While these past studies do show which features people find physically appealing after just a glance, they overlook the non-physical traits that may influence a person's perception of another's beauty over time. In other words, people may see physical attractiveness differently when they know that person's other qualities, usually invisible to strangers, says Kniffin.

Pressures selecting for the influence of non-physical traits on the perception of physical beauty have operated across millennia. According to evolutionary theory, many animals, including humans, are attracted to those who are likely to increase their own fitness -- the likelihood of surviving and reproducing.

In the case of humans, "the fitness value of potential social partners depends at least as much on non-physical traits -- whether they are cooperative, dependable, brave, hardworking, intelligent and so on -- as physical factors, such as smooth skin and symmetrical features," says Wilson. "It follows that non-physical factors should be included in the subconscious assessment of beauty."

To systematically consider the influence of non-physical traits on how people who are familiar with each other perceive physical appeal, Kniffin and Wilson conducted three studies of beauty involving people who know each other and people who don't. For all studies, the participants were asked to rate physical attractiveness and non-physical traits such as liking, respect and talent. Strangers rated only physical attractiveness.

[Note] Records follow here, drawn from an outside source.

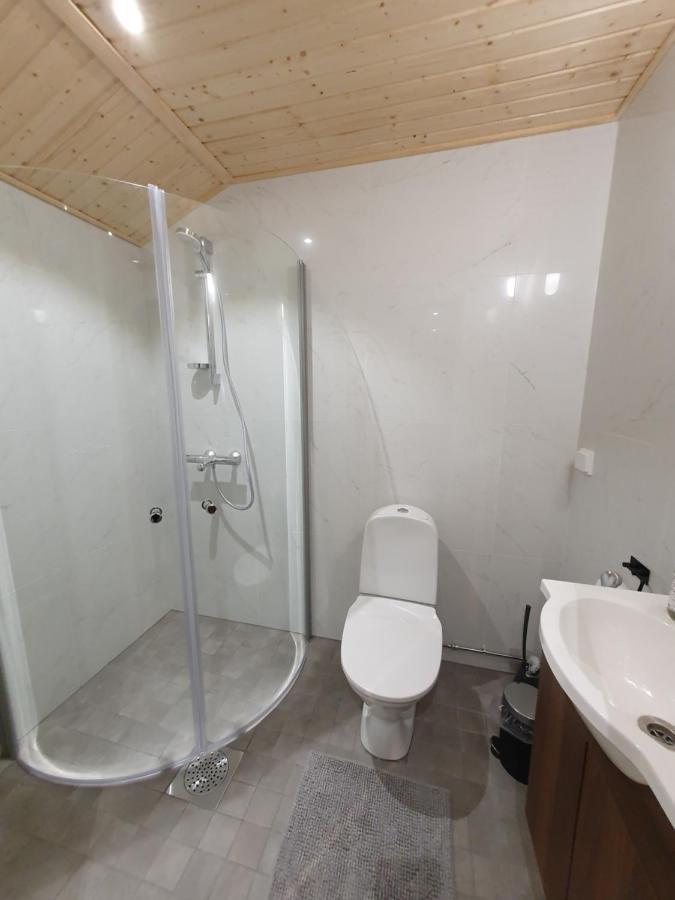 Vaere Holiday Home - Lakeside Relaxation Point イナリ エクステリア 写真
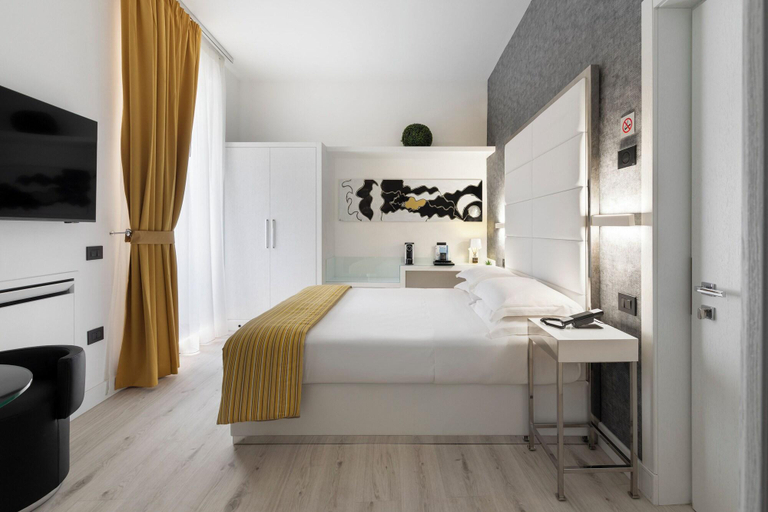 Bedroom 3, LHP River Club, Florence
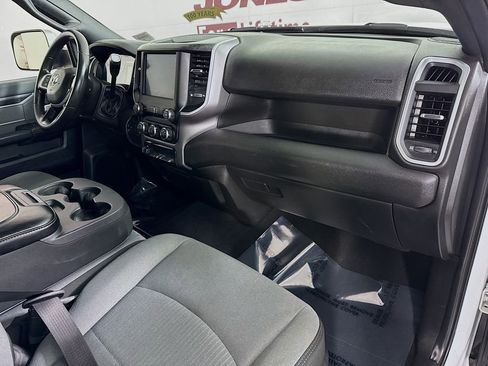 Used 2022 RAM 3500 Big Horn image 32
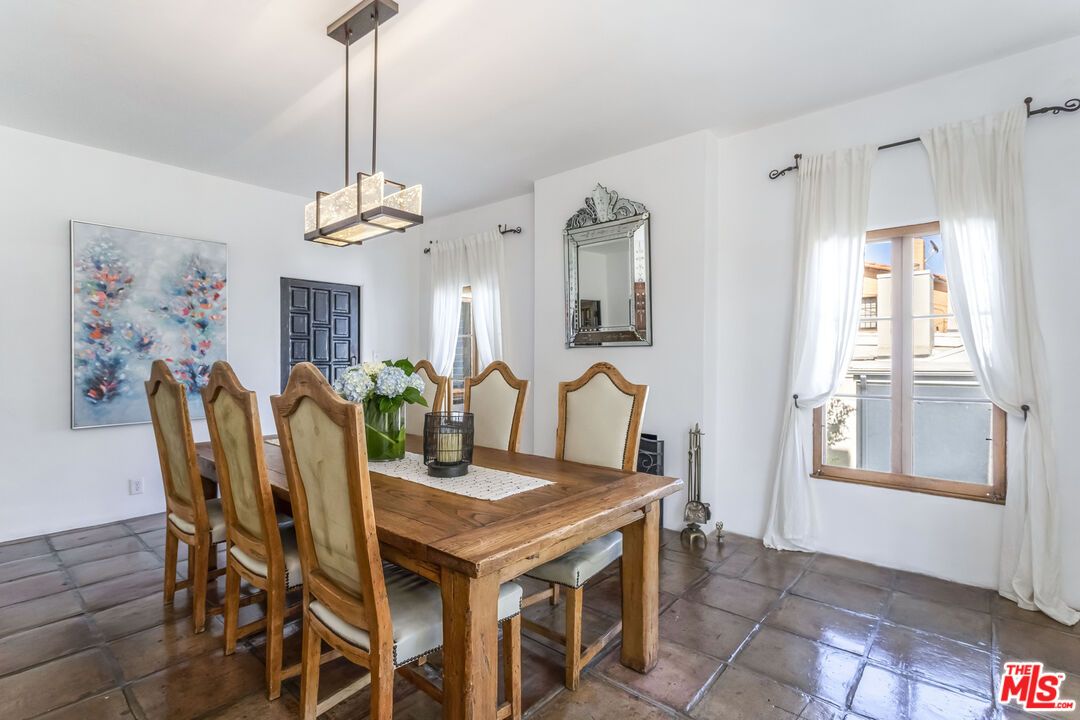 Dining room, Interior, Pendant Lights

In the first study, the participants rated people photographed in high school yearbooks, including one that belonged to each participant. In the second, members of a college sports team, as well as strangers, rated each team member. Finally, students in a summer archaeological excavation course rated each other on the first day of class and six weeks later at the end of the course.

"In each case, non-physical traits known only to familiars, such as how much the person was liked, respected and contributed to shared goals, had a large effect on the perception of physical attractiveness that was invisible to the strangers," says Wilson.

Each study provided an illustrative example of this finding. For instance, one middle-aged subject who had not seen the familiar person photographed in the yearbook for decades responded with absolute disgust when she recalled the person's character and described that person as ugly. In the sports team study, team members considered the slacker to be ugly and one of the leaders to be physically attractive, while strangers, blind to the members' relative contributions, rated them as equally attractive on the basis of photographs. And, after six weeks of working together on an archaeological dig, students' perception of physical attractiveness changed based on interactions during the course.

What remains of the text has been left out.